Climate-Ecosystem Modeling and Applications
Michael Notaro, Zhengyu Liu, Robert Gallimore, Adrien Mauss
Center for Climatic Research
University of Wisconsin-Madison
Climate-ecosystem models have emerged as critical tools in examining the response of terrestrial ecosystems to changes or variability in climate, in addition to the feedbacks of vegetation on climate. Thus, terrestrial vegetation is no longer seen as a static boundary condition but a dynamic component of the climate system. I will briefly explore the evolution of climate-ecosystem models, from offline models which lack feedbacks, to their asynchronous coupling to global climate models, and finally to their synchronous and fully dynamic coupling to climate models. I will examine the role and applications of both offline vegetation models and fully coupled models. In particular, I will discuss the structure of our fully dynamic atmosphere-ocean-ice-land model, FOAM-LPJ, including the details of the coupling between the atmosphere and land. Differences in time scales among various components of the climate system will be explored.
Novel approaches to identifying and quantifying vegetation feedbacks to climate will be examined. It is quite challenging to dissect the vegetation feedback signal from raw observations, although a statistical methodology offers some promise.
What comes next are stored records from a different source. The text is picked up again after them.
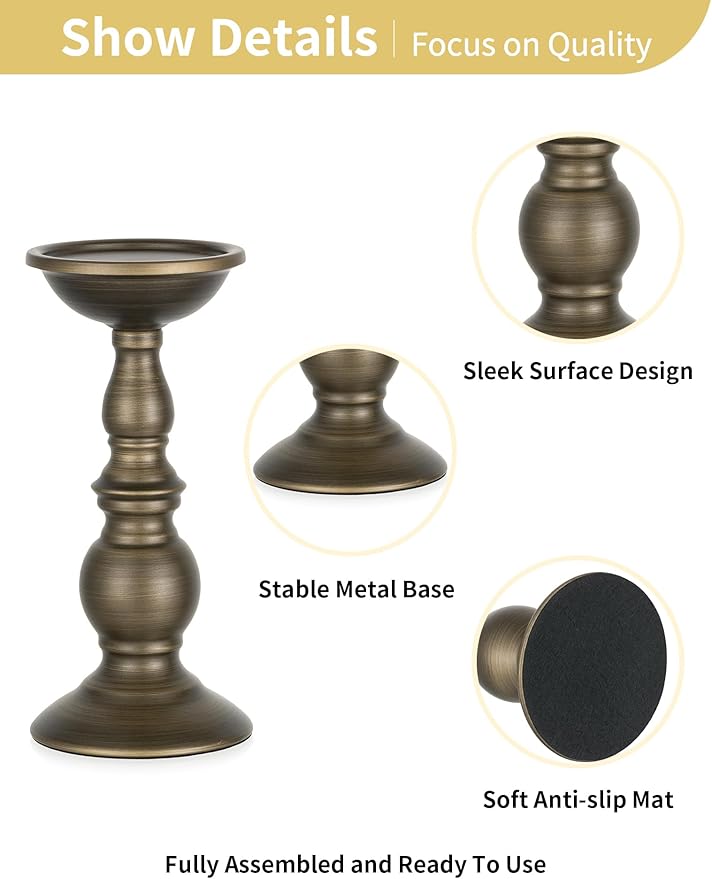 Bronze 2 Pcs Iron Pillar Candle Holders, Most Ideal for 3" Pillar Candles, Gifts for Wedding, Party, Home, Spa, Reiki, Votive Candle (S + L)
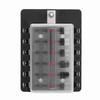 12 Way Circuit Blade Fuse Box Standard ATO ATC Block Holder Kit with PC Terminal for Car Boat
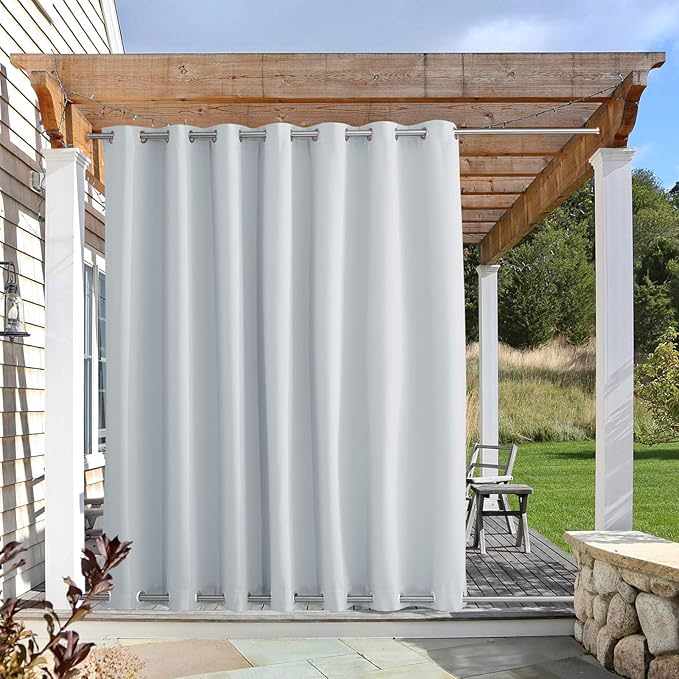 NICETOWN Outdoor Curtains for Patio Waterproof Grommet Top & Bottom, Windproof by NICETOWN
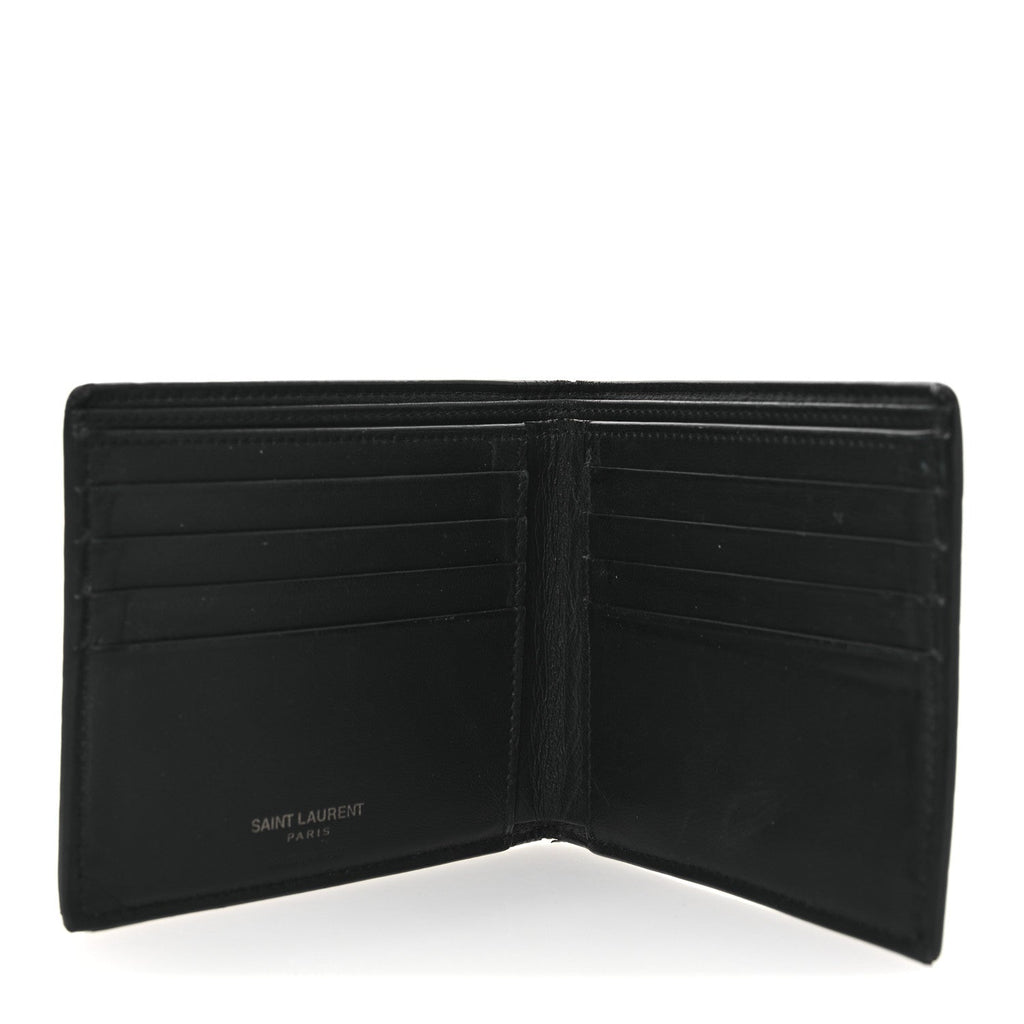 Calfskin Crocodile Embossed Tiny Cassandre East West Wallet Black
The first approach to identifying vegetation feedbacks will be statistical, beginning with simple lead-lag correlations and advancing to a more complex method using lagged covariances. The statistical approach is applied to quantify both observed and simulated feedbacks. The statistical assessment of vegetation feedbacks will be evaluated through a dynamical approach, using initial value ensemble experiments. These explicit model experiments will offer deep insight into feedback mechanisms. I will discuss the applications of ensembles to climate-ecosystem modeling, including methods to separate signal from noise.
Several applications of the offline dynamical global vegetation model and fully coupled model will be introduced. The first set of applications focuses on climate-ecosystem change due to past and future rising levels of greenhouse gases. Other applications include examining remote vegetation feedbacks, simulating vegetation changes and feedbacks during the mid-Holocene period, and regional feedbacks on temperature in Siberia and precipitation in North Africa.
Biographical Sketch: Michael Notaro
Michael Notaro is an Assistant Scientist, at the Center for Climatic Research, University of Wisconsin-Madison. He began as a research associate at CCR in 2002 and has been an assistant scientist at CCR since 2005, primarily studying the interaction between climate and vegetation in a fully coupled atmosphere-ocean-vegetation model, FOAM-LPJ, and also in observations. He holds a B.S., M.S, and Ph.D. in Atmospheric Science, from the State University of New York at Albany and has co-authored several papers on global vegetation-climate feedbacks and mechanisms for vegetation change.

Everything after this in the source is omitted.